■ **Brief**: With every picture left out, give the data below back exactly.

BEGIN

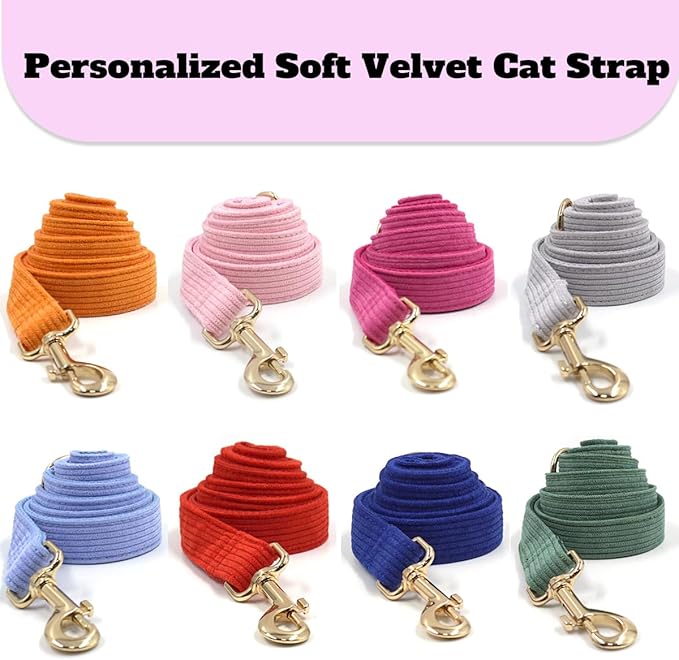 Personalized Cat Collar with Pet Name Phone Number Engraved Metal Buckle Personalized Adjustable Velvet Cat ID Collars with Bell for Kids and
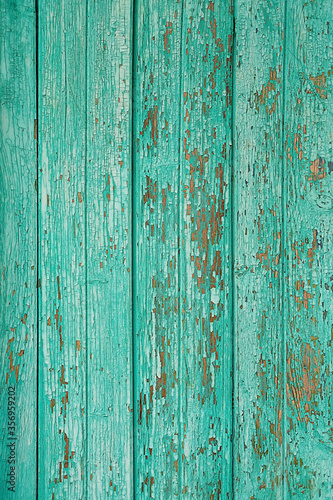 rough green painted wooden fence. old grunge board background © Ju_see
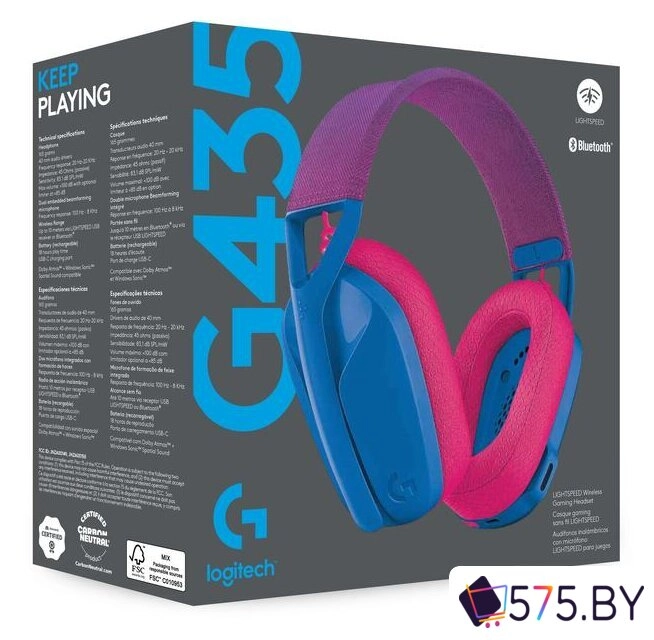 Наушники Logitech G435 Lightspeed (синий/малиновый) в магазине 575.by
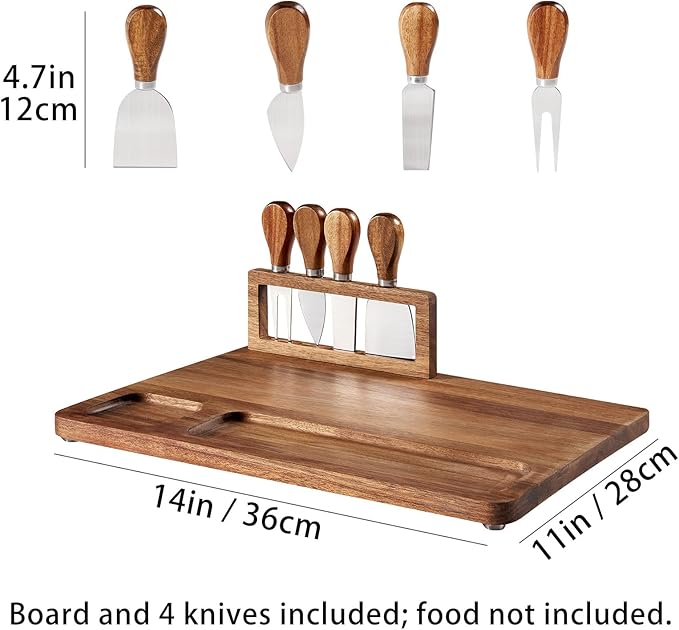 Acacia Wood Charcuterie Board, Cheese Board Set with Magnetic Knife Holder, 14"x 11" Large Serving Tray for Meat and Cheese, Ideal Gift for Anniversary, Christmas, Thanksgiving, Wedding, Halloween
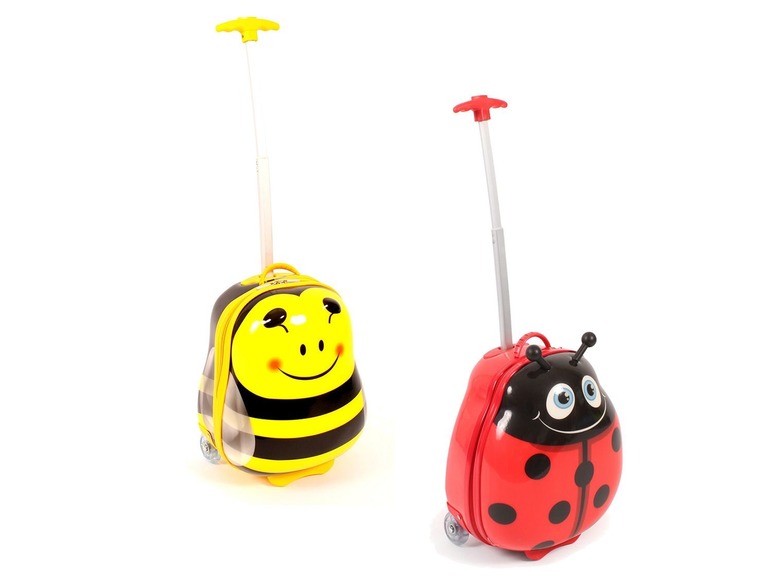 Zwei Kinderkoffer, einer mit einem Bienen-Motiv und der andere mit einem Marienkäfer.
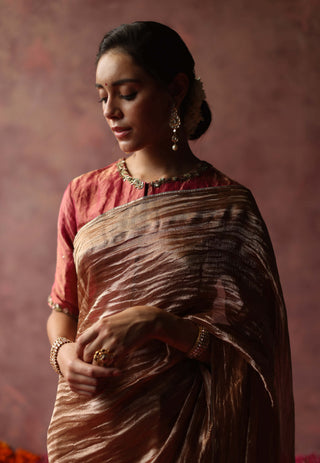 Begum Pret-Kalista Champagne Gold Sari And Blouse-INDIASPOPUP.COM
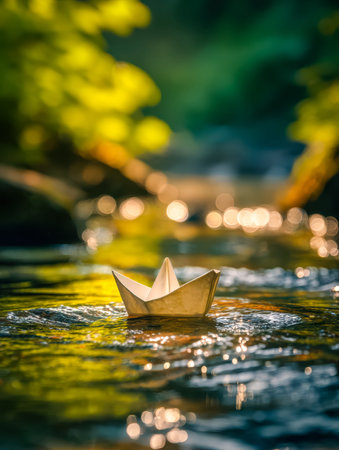 A delicate paper vessel drifts gracefully along a shimmering stream, illuminated by warm sunlight...
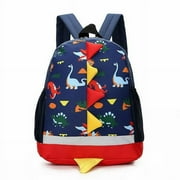 Kiddopark Kids Toddler Backpack Boys with Strap Dinosaur Kindergarten Bookbag(Dark Blue)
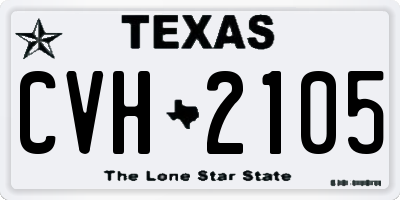 TX license plate CVH2105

END

■ **The answer**:
 Personalized Cat Collar with Pet Name Phone Number Engraved Metal Buckle Personalized Adjustable Velvet Cat ID Collars with Bell for Kids and
 rough green painted wooden fence. old grunge board background © Ju_see
 Наушники Logitech G435 Lightspeed (синий/малиновый) в магазине 575.by
 Acacia Wood Charcuterie Board, Cheese Board Set with Magnetic Knife Holder, 14"x 11" Large Serving Tray for Meat and Cheese, Ideal Gift for Anniversary, Christmas, Thanksgiving, Wedding, Halloween
 Zwei Kinderkoffer, einer mit einem Bienen-Motiv und der andere mit einem Marienkäfer.
 Begum Pret-Kalista Champagne Gold Sari And Blouse-INDIASPOPUP.COM
 A delicate paper vessel drifts gracefully along a shimmering stream, illuminated by warm sunlight...
 Kiddopark Kids Toddler Backpack Boys with Strap Dinosaur Kindergarten Bookbag(Dark Blue)
 TX license plate CVH2105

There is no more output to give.